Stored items
☆ ☆ ☆ ☆
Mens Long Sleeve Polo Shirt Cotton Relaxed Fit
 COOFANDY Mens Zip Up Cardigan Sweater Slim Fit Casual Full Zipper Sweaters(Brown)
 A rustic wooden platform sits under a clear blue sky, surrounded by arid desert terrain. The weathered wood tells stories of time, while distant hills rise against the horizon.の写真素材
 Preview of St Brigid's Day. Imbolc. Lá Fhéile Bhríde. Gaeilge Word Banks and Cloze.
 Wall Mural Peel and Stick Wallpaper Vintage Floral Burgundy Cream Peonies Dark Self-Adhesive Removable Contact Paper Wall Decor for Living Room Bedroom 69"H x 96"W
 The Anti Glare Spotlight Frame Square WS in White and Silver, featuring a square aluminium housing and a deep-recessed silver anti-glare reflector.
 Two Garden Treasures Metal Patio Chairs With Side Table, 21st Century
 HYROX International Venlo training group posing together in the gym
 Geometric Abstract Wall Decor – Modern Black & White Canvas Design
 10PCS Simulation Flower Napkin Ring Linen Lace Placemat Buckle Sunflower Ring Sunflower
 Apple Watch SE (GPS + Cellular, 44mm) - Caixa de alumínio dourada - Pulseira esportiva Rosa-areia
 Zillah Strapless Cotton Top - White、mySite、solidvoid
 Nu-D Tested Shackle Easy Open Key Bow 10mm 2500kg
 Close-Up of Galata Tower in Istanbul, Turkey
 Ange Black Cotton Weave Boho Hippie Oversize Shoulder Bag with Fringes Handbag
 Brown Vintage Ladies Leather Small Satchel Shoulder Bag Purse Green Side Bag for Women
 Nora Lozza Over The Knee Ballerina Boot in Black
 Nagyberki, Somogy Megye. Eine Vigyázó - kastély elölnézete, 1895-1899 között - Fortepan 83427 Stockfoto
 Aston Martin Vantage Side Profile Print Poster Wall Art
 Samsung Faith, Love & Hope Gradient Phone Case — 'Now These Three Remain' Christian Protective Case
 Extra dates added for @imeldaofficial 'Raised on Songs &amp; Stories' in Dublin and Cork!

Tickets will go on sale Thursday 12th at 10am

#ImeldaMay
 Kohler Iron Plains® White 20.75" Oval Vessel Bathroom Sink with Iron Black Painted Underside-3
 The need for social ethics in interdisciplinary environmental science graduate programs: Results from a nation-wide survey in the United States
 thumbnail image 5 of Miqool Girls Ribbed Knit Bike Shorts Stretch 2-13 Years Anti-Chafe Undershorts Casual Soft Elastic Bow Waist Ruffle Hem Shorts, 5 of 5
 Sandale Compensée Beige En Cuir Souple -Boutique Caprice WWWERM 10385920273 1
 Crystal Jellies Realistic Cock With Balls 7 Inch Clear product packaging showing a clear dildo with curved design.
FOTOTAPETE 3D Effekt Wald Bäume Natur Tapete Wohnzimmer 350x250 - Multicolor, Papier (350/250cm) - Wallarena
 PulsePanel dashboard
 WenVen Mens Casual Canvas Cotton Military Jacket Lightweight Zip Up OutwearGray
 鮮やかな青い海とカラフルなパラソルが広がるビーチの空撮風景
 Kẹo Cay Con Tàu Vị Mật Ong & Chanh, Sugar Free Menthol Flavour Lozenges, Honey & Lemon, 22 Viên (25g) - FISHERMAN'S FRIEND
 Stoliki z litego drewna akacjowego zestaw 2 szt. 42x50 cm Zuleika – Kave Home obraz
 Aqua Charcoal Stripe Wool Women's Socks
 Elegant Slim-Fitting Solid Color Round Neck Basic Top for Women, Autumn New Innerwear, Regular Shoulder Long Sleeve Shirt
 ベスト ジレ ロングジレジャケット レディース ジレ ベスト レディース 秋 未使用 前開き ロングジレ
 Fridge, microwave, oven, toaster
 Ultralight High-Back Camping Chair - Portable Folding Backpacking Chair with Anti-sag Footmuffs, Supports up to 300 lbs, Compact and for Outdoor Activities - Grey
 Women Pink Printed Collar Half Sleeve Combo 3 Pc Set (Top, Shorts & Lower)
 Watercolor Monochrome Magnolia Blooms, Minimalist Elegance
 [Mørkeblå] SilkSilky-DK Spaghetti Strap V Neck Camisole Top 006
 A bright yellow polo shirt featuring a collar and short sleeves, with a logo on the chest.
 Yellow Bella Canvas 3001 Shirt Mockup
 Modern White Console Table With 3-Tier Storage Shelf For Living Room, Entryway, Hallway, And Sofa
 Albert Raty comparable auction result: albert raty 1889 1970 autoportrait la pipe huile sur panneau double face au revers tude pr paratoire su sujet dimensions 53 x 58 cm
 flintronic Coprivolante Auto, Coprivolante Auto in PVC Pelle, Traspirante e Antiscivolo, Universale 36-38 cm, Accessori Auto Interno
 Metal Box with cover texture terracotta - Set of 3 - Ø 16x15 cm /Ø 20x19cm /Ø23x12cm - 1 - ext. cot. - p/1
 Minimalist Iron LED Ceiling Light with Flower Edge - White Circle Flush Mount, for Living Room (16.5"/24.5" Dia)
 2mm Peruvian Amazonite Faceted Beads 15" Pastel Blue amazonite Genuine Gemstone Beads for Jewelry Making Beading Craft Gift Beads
☆ ☆ ☆ ☆
Problem statement ▸
All entries above must be reproduced without a single change.

Final answer ▸
Mens Long Sleeve Polo Shirt Cotton Relaxed Fit
 COOFANDY Mens Zip Up Cardigan Sweater Slim Fit Casual Full Zipper Sweaters(Brown)
 A rustic wooden platform sits under a clear blue sky, surrounded by arid desert terrain. The weathered wood tells stories of time, while distant hills rise against the horizon.の写真素材
 Preview of St Brigid's Day. Imbolc. Lá Fhéile Bhríde. Gaeilge Word Banks and Cloze.
 Wall Mural Peel and Stick Wallpaper Vintage Floral Burgundy Cream Peonies Dark Self-Adhesive Removable Contact Paper Wall Decor for Living Room Bedroom 69"H x 96"W
 The Anti Glare Spotlight Frame Square WS in White and Silver, featuring a square aluminium housing and a deep-recessed silver anti-glare reflector.
 Two Garden Treasures Metal Patio Chairs With Side Table, 21st Century
 HYROX International Venlo training group posing together in the gym
 Geometric Abstract Wall Decor – Modern Black & White Canvas Design
 10PCS Simulation Flower Napkin Ring Linen Lace Placemat Buckle Sunflower Ring Sunflower
 Apple Watch SE (GPS + Cellular, 44mm) - Caixa de alumínio dourada - Pulseira esportiva Rosa-areia
 Zillah Strapless Cotton Top - White、mySite、solidvoid
 Nu-D Tested Shackle Easy Open Key Bow 10mm 2500kg
 Close-Up of Galata Tower in Istanbul, Turkey
 Ange Black Cotton Weave Boho Hippie Oversize Shoulder Bag with Fringes Handbag
 Brown Vintage Ladies Leather Small Satchel Shoulder Bag Purse Green Side Bag for Women
 Nora Lozza Over The Knee Ballerina Boot in Black
 Nagyberki, Somogy Megye. Eine Vigyázó - kastély elölnézete, 1895-1899 között - Fortepan 83427 Stockfoto
 Aston Martin Vantage Side Profile Print Poster Wall Art
 Samsung Faith, Love & Hope Gradient Phone Case — 'Now These Three Remain' Christian Protective Case
 Extra dates added for @imeldaofficial 'Raised on Songs &amp; Stories' in Dublin and Cork!

Tickets will go on sale Thursday 12th at 10am

#ImeldaMay
 Kohler Iron Plains® White 20.75" Oval Vessel Bathroom Sink with Iron Black Painted Underside-3
 The need for social ethics in interdisciplinary environmental science graduate programs: Results from a nation-wide survey in the United States
 thumbnail image 5 of Miqool Girls Ribbed Knit Bike Shorts Stretch 2-13 Years Anti-Chafe Undershorts Casual Soft Elastic Bow Waist Ruffle Hem Shorts, 5 of 5
 Sandale Compensée Beige En Cuir Souple -Boutique Caprice WWWERM 10385920273 1
 Crystal Jellies Realistic Cock With Balls 7 Inch Clear product packaging showing a clear dildo with curved design.
FOTOTAPETE 3D Effekt Wald Bäume Natur Tapete Wohnzimmer 350x250 - Multicolor, Papier (350/250cm) - Wallarena
 PulsePanel dashboard
 WenVen Mens Casual Canvas Cotton Military Jacket Lightweight Zip Up OutwearGray
 鮮やかな青い海とカラフルなパラソルが広がるビーチの空撮風景
 Kẹo Cay Con Tàu Vị Mật Ong & Chanh, Sugar Free Menthol Flavour Lozenges, Honey & Lemon, 22 Viên (25g) - FISHERMAN'S FRIEND
 Stoliki z litego drewna akacjowego zestaw 2 szt. 42x50 cm Zuleika – Kave Home obraz
 Aqua Charcoal Stripe Wool Women's Socks
 Elegant Slim-Fitting Solid Color Round Neck Basic Top for Women, Autumn New Innerwear, Regular Shoulder Long Sleeve Shirt
 ベスト ジレ ロングジレジャケット レディース ジレ ベスト レディース 秋 未使用 前開き ロングジレ
 Fridge, microwave, oven, toaster
 Ultralight High-Back Camping Chair - Portable Folding Backpacking Chair with Anti-sag Footmuffs, Supports up to 300 lbs, Compact and for Outdoor Activities - Grey
 Women Pink Printed Collar Half Sleeve Combo 3 Pc Set (Top, Shorts & Lower)
 Watercolor Monochrome Magnolia Blooms, Minimalist Elegance
 [Mørkeblå] SilkSilky-DK Spaghetti Strap V Neck Camisole Top 006
 A bright yellow polo shirt featuring a collar and short sleeves, with a logo on the chest.
 Yellow Bella Canvas 3001 Shirt Mockup
 Modern White Console Table With 3-Tier Storage Shelf For Living Room, Entryway, Hallway, And Sofa
 Albert Raty comparable auction result: albert raty 1889 1970 autoportrait la pipe huile sur panneau double face au revers tude pr paratoire su sujet dimensions 53 x 58 cm
 flintronic Coprivolante Auto, Coprivolante Auto in PVC Pelle, Traspirante e Antiscivolo, Universale 36-38 cm, Accessori Auto Interno
 Metal Box with cover texture terracotta - Set of 3 - Ø 16x15 cm /Ø 20x19cm /Ø23x12cm - 1 - ext. cot. - p/1
 Minimalist Iron LED Ceiling Light with Flower Edge - White Circle Flush Mount, for Living Room (16.5"/24.5" Dia)
 2mm Peruvian Amazonite Faceted Beads 15" Pastel Blue amazonite Genuine Gemstone Beads for Jewelry Making Beading Craft Gift Beads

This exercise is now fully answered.